Project Alternator: The Scylla Open Source Amazon DynamoDB-Compatible API - uberdru
https://www.scylladb.com/alternator/
======
barrynevio
So what they're doing is adding a option to Scylla's yaml configuration so
Scylla can literally be a drop-in replacement for DynamoDB. No updates to your
existing code. Scylla can be downloaded and installed on pretty much any
server, so what this means is you are no longer shackled to AWS. Just deploy a
Scylla instance anywhere you please, configure it to emulate dynamo's API,
point your existing application that normally uses Dynamo to it, and you're
up.

My current company has a monthly AWS bill of $100k. C-level people get
concerned that all their eggs are in one basket. Also Dynamo is EXPENSIVE when
you start scaling. We have been looking into making our applications cloud
service agnostic, and Dynamo is a huge blocker.

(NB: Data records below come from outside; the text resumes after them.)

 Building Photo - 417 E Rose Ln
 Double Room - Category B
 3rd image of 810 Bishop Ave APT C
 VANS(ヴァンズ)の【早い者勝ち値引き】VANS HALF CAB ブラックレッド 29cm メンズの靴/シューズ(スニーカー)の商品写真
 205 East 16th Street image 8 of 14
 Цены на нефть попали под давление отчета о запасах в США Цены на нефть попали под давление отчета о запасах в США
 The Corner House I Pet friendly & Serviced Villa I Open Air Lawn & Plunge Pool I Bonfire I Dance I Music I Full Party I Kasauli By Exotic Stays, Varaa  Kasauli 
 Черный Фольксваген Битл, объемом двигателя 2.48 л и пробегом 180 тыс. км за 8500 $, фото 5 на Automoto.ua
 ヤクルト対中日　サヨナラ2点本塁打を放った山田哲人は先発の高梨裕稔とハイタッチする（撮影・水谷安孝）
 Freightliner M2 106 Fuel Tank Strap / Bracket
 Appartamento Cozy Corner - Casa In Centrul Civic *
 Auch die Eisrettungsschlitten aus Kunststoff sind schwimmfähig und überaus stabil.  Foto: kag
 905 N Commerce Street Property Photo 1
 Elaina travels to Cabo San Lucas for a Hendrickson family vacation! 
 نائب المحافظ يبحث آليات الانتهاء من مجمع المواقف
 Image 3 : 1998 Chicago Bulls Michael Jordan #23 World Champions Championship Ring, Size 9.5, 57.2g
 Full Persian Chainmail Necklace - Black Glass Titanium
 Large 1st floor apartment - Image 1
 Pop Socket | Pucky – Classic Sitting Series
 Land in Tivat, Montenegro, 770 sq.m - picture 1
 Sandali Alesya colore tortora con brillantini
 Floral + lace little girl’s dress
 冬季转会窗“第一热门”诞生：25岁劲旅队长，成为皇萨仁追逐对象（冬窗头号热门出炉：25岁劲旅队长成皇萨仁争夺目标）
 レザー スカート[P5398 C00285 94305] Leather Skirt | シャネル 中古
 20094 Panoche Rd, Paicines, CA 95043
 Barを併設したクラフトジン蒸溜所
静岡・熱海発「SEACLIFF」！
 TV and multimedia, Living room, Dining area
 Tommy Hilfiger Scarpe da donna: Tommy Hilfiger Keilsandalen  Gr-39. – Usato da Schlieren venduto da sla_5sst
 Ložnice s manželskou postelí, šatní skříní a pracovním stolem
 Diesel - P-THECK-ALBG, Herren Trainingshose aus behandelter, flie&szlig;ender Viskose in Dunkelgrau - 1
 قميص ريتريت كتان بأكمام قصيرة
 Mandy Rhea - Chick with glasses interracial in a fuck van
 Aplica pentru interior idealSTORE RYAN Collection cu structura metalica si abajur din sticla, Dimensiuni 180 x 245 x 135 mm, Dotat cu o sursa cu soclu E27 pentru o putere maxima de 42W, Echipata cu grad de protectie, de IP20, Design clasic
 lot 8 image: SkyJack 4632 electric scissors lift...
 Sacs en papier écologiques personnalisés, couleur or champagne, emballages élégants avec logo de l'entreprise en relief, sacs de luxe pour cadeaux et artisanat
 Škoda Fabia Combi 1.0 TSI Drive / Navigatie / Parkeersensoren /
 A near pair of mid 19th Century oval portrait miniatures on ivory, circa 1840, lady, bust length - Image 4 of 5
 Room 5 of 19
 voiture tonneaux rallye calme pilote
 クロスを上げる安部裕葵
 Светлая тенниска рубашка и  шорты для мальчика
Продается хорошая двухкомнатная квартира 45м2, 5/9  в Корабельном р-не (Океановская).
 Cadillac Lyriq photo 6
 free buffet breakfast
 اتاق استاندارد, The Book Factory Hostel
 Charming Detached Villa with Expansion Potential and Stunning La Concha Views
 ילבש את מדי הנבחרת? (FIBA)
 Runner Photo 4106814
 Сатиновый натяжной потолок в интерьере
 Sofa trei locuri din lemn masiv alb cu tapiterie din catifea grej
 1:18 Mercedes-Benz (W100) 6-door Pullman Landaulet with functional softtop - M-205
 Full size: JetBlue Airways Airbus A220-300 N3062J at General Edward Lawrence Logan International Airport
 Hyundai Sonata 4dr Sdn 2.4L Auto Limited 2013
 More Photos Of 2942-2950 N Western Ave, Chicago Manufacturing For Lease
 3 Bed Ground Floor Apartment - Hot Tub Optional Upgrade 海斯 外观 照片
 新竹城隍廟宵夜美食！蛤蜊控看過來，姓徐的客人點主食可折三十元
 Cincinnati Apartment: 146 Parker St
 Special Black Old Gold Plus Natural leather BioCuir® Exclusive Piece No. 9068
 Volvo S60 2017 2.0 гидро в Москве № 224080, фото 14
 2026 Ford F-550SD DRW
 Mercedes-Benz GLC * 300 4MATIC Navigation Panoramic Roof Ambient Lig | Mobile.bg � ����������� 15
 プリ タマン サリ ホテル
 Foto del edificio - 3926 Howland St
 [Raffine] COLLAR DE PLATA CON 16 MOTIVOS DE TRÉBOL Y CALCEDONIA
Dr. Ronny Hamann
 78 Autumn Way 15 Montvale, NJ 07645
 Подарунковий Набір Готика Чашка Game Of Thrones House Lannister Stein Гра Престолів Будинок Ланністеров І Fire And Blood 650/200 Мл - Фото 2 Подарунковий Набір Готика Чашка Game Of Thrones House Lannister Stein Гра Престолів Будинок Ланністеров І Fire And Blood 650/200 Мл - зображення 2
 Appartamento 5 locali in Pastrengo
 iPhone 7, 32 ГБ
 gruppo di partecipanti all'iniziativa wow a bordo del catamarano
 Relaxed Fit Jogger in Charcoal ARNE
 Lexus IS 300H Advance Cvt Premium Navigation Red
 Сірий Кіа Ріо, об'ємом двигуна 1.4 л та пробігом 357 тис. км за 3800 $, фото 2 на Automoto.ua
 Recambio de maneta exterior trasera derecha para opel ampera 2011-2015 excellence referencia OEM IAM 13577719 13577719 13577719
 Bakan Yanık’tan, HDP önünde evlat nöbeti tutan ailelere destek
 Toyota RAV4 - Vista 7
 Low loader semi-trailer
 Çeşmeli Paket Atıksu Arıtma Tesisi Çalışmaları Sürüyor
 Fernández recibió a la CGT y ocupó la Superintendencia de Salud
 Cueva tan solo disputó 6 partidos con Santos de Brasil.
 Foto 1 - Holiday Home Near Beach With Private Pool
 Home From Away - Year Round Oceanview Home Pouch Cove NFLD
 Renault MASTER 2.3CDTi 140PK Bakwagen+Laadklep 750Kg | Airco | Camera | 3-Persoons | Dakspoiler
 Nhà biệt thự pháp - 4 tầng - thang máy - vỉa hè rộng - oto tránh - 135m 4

Scylla is a far superior database anyway, so I think we're going to begin
trying this out.

Great job, Scylla team!

------
PeterCorless
Design doc here:
[https://docs.google.com/document/d/1i4yjF5OSAazAY_-T8CBce9-2...](https://docs.google.com/document/d/1i4yjF5OSAazAY_-T8CBce9-2ykW4twx_E_Nt2zDoOVs/edit?usp=drivesdk)

------
Zimnx
Looks promising, I want to try it outon my project.